Please refer to our compensation of our Named Executive Officers disclosed above. We seek to closely align the interests of our Named Executive Officers (which for smaller reporting companies like ApolloMed is generally the Chief Executive Officer and the 2 other most highly compensated executive officers) with the interests of our stockholders. Our compensation programs are designed to reward our Named Executive Officers for the achievement of short-term and long-term strategic and operational goals and the achievement of increased total stockholder value, while at the same time avoiding the encouragement of unnecessary or excessive risk-taking.
Resolution Proposed for Approval by the Stockholders
The following resolution is offered for stockholder approval:
RESOLVED that the compensation paid to this corporation’s Named Executive Officers, as disclosed pursuant to Item 402 of Regulation S-K for smaller reporting companies, including the tables and narrative discussion, is hereby approved.
The vote on this resolution is not intended to address any specific element of compensation; rather, the vote relates to the overall compensation of our Named Executive Officers, as described in this Proxy Statement. This vote is advisory, which means that it is not binding on us, our Board of Directors. Our Board of Directors values the views of our stockholders and will take into account the outcome of the vote when considering future compensation decisions for our Named Executive Officers.
APOLLOMED’S BOARD OF DIRECTORS UNANIMOUSLY RECOMMENDS A VOTE “FOR” THE APPROVAL, ON AN ADVISORY BASIS, OF APOLLOMED’S COMPENSATION OF OUR NAMED EXECUTIVE OFFICERS AS DISCLOSED IN THE “EXECUTIVE COMPENSATION” SECTION OF THIS PROXY STATEMENT.
31 |
PROPOSAL NO. 8
ADVISORY VOTE ON THE FREQUENCY OF AN
ADVISORY VOTE ON THE COMPENSATION OF OUR NAMED EXECUTIVE OFFICERS
Background to the Advisory Vote
The Dodd-Frank Act also provides that stockholders must be given the opportunity to vote, on a non-binding, advisory basis, for their preference as to how frequently ApolloMed should seek future advisory votes on the compensation of our Named Executive Officers as disclosed in accordance with the compensation disclosure rules of the Securities and Exchange Commission, which we refer to as an advisory vote on the compensation of our Named Executive Officers. In voting on this Proposal No. 8, stockholders may indicate whether they would prefer that we conduct future advisory votes on the compensation of our Named Executive Officers once every one, two or three years. Stockholders also may, if they wish, abstain from casting a vote on this proposal.
Discussion
On this resolution, a stockholder may cast a vote on the preferred voting frequency by selecting the option of one year, two years or three years, or may abstain. The proxy card provides stockholders with the opportunity to choose among four options (holding the vote every one, two or three years, or abstaining) and, therefore, stockholders will not be voting to approve or disapprove the recommendation of our Board of Directors. The option receiving the most votes, whether one year, two years or three years, will be the option chosen by the stockholders.
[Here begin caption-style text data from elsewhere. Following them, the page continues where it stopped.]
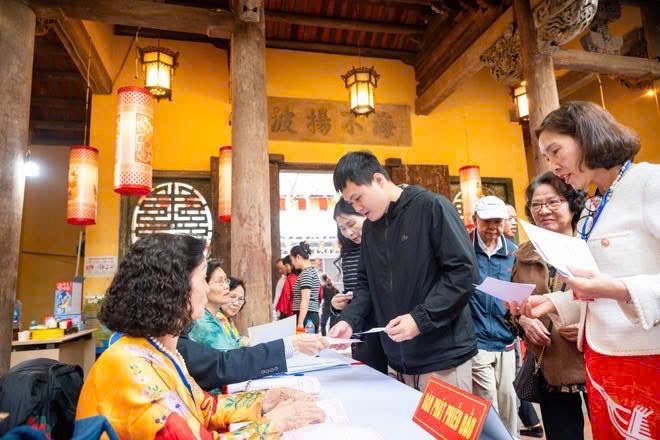 Người dân Hà Nội đi bầu cử tại các di tích lịch sử văn hóa- Ảnh 14.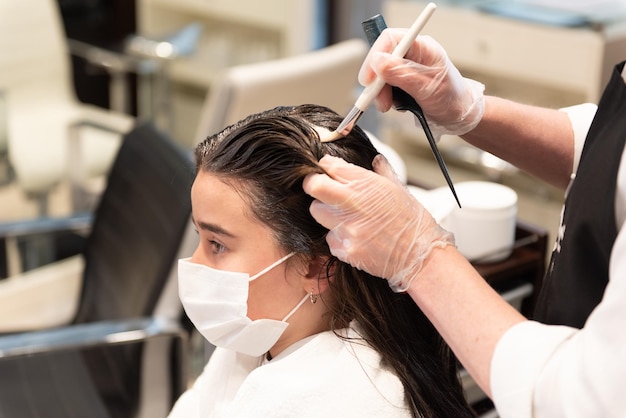 A female teenager patient getting a hair treatment with a brush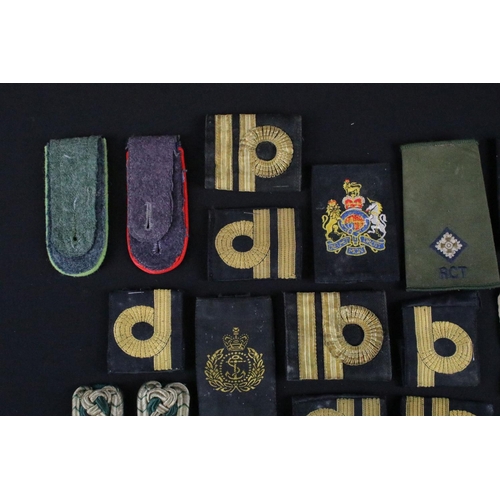 456 - A collection of mainly British and German medal ribbons and epaulettes.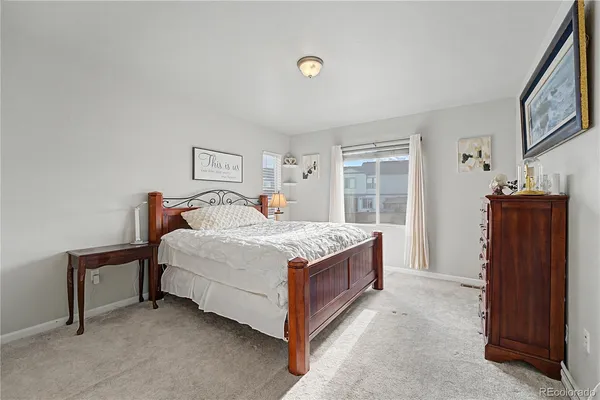 a spacious bedroom with a bed and wooden floor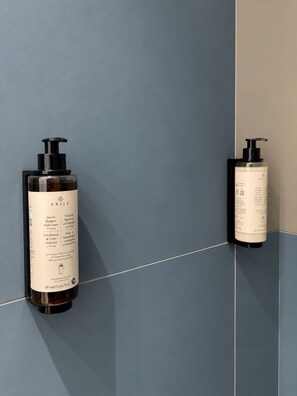 Twee flessen PRIJA shampoo en conditioner zijn aan een wand bevestigd, met een achtergrond van blauwe en beige tegels.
Our Board of Directors has determined that an annual advisory vote on the compensation of our Named Executive Officers will allow our stockholders to provide timely, direct input on our compensation philosophy, policies and practices as disclosed in our Proxy Statement each year. Our Board of Directors believes that an annual vote is therefore consistent with our efforts to engage in an ongoing dialogue with our stockholders on the compensation of our Named Executive Officers and other corporate governance matters.
ApolloMed recognizes that the stockholders may have different views as to the best approach, and therefore we look forward to hearing from our stockholders as to their preferences on the frequency of an advisory vote on the compensation of our Named Executive Officers.
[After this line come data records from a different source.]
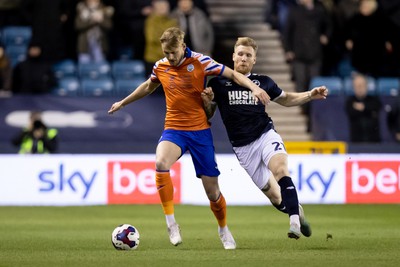 140323 - Millwall v Swansea City - Sky Bet Championship - Harry Darling of Swansea City and Andreas Voglsammer of Millwall battle for the ball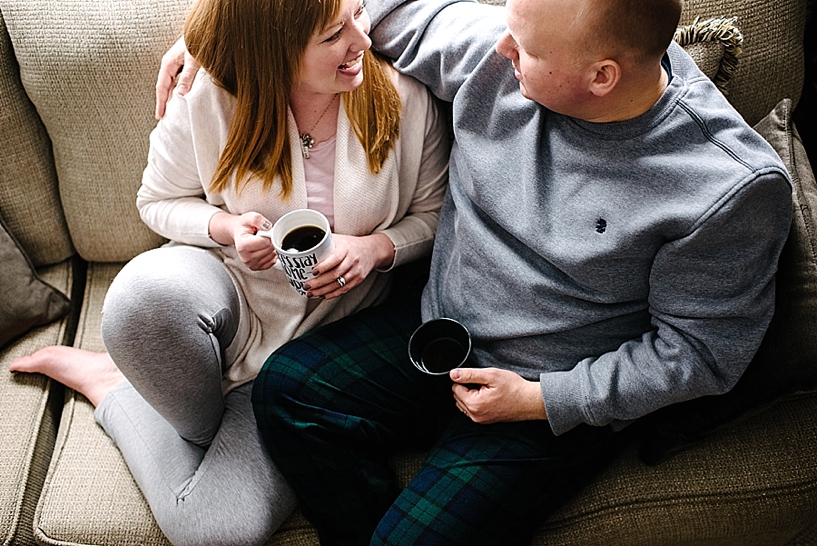 couple sitting on couch drinking coffee in pajamas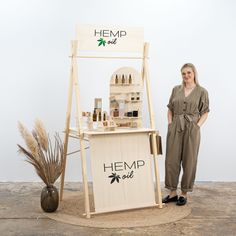 a woman standing in front of a hemp oil stand with her hand on the counter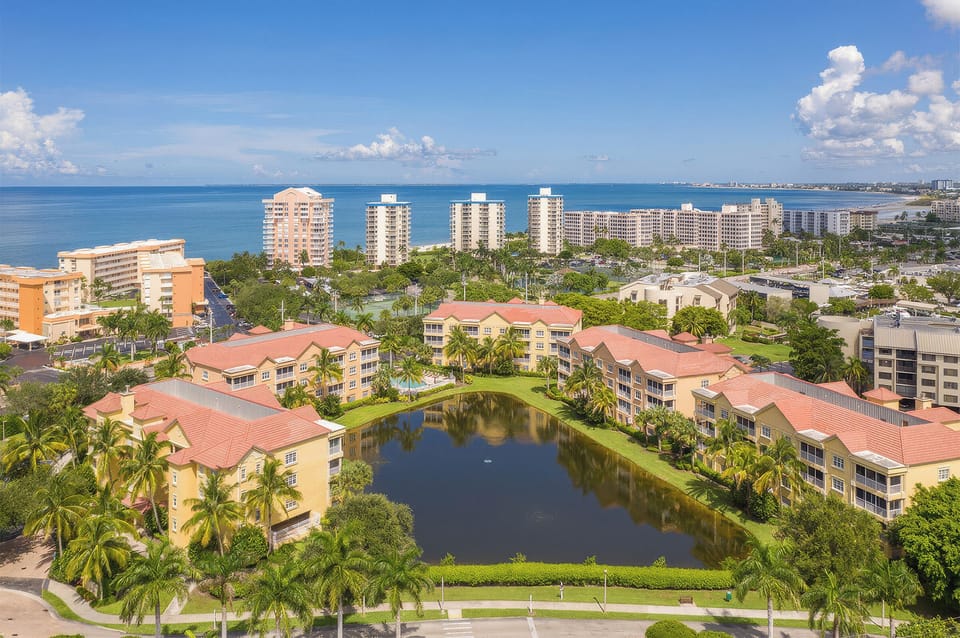 Luxury condominiums at Bella Lago is in the upscale community of Bay Beach Lane and located just across the street from the beach.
Resolution Proposed for Approval by the Stockholders
The following resolution is offered for stockholder approval:
RESOLVED that the stockholders recommend, in a non-binding advisory vote, whether a non-binding advisory vote to approve the compensation of this corporation’s named executive officers should occur every one, two or three years.
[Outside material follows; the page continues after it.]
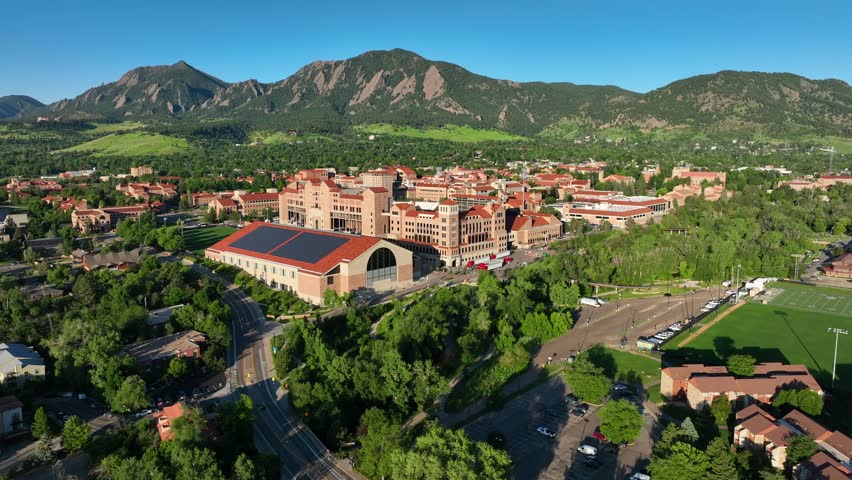 Wide shot of University of Colorado Boulder campus. Aerial establishing shot of college campus with buildings with red roofs and mountains in background.
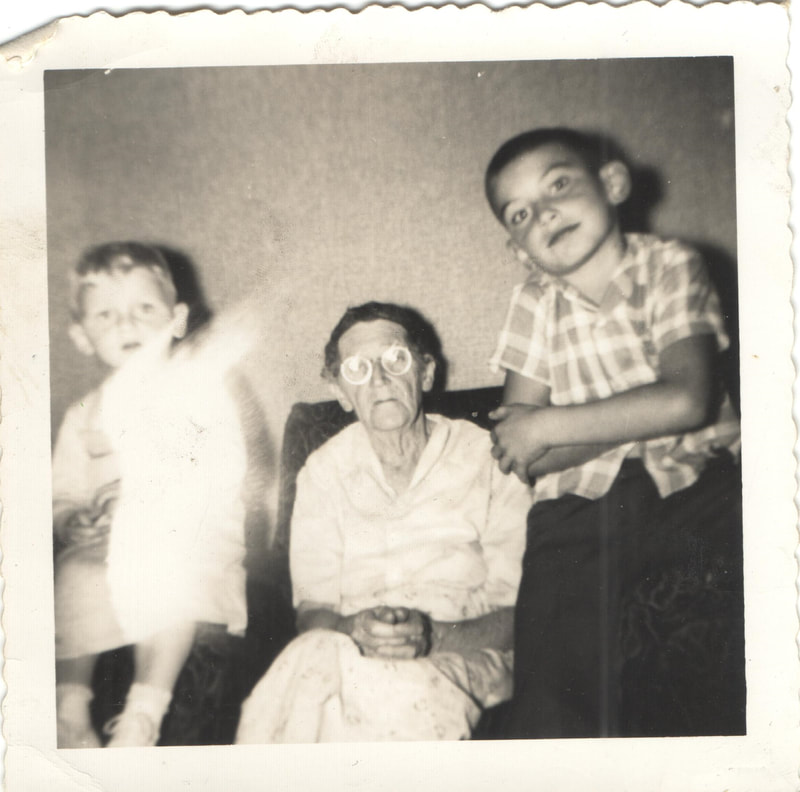 Elderly woman seated behind young boys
This vote is advisory, which means that it is not binding on us or our Board of Directors. Our Board of Directors will, however, take into account the outcome of the vote when considering the frequency of future advisory votes on the compensation of our Named Executive Officers. Our Board of Directors may decide that it is in the best interests of our stockholders to hold an advisory vote on the compensation of our Named Executive Officers more or less frequently than the frequency receiving the most votes cast by our stockholders.
32 |
OUR BOARD OF DIRECTORS RECOMMENDS THAT YOU VOTE “FOR” THE OPTION OF “ONE YEAR” AS THE PREFERRED FREQUENCY FOR ADVISORY VOTES ON THE COMPENSATION OF OUR NAMED EXECUTIVE OFFICERS.
Section 16(a) Beneficial Ownership Reporting Compliance
Section 16(a) of the Securities Exchange Act of 1934, as amended, requires our directors and executive officers, and persons who beneficially own more than 10% of our outstanding common stock, to file with the SEC (“Covered Persons”), initial reports of ownership and reports of changes in ownership of our equity securities. Such persons are required by SEC regulations to furnish us with copies of all such reports they file, and we are required to identify Covered Persons that we know have failed to file or filed late Section 16(a) reports. To our knowledge, we believe that our Covered Persons complied with all Section 16(a) filing requirements applicable to them, except that: Messrs. Francis, Schreck, Augusta, Meyers, Creem, and Schmidt failed to file Forms 3 timely when they became obligated to commence Section 16(a) reporting; Messrs. Hosseinion, Francis, Schreck, Meyers, Creem, Nihalani and Augusta failed to file Forms 4 timely with respect to acquisitions of securities of our common stock.
33 |
REPORTS ON FORM 10-K
Our Annual Report on Form 10-K for the fiscal year ended January 31, 2014, which contains ApolloMed’s consolidated financial statements for that period accompanies this Proxy Statement but is not a part of our soliciting materials.
We will provide any stockholder, without charge, a copy of our Annual Report if the stockholder submits a written request to Apollo Medical Holdings, Inc., 700 North Brand Blvd., Suite 450, Glendale, California 91203. Exhibits to the Annual Report will be provided on written request of any stockholder, subject to reimbursement of ApolloMed’s reasonable expenses. Exhibits are available at no charge on the SEC’s website, www.sec.gov. The Annual Report for the fiscal year ended January 31, 2014, and our Quarterly Reports on Form 10-QT or 10-Q, as applicable, for the periods ended March 31, and June 30, 2014, are available on ApolloMed’s website at http://www.ApolloMed.net/.com. This website reference is not intended to function as a hyperlink and the information contained on ApolloMed’s website is not a part of this Proxy Statement.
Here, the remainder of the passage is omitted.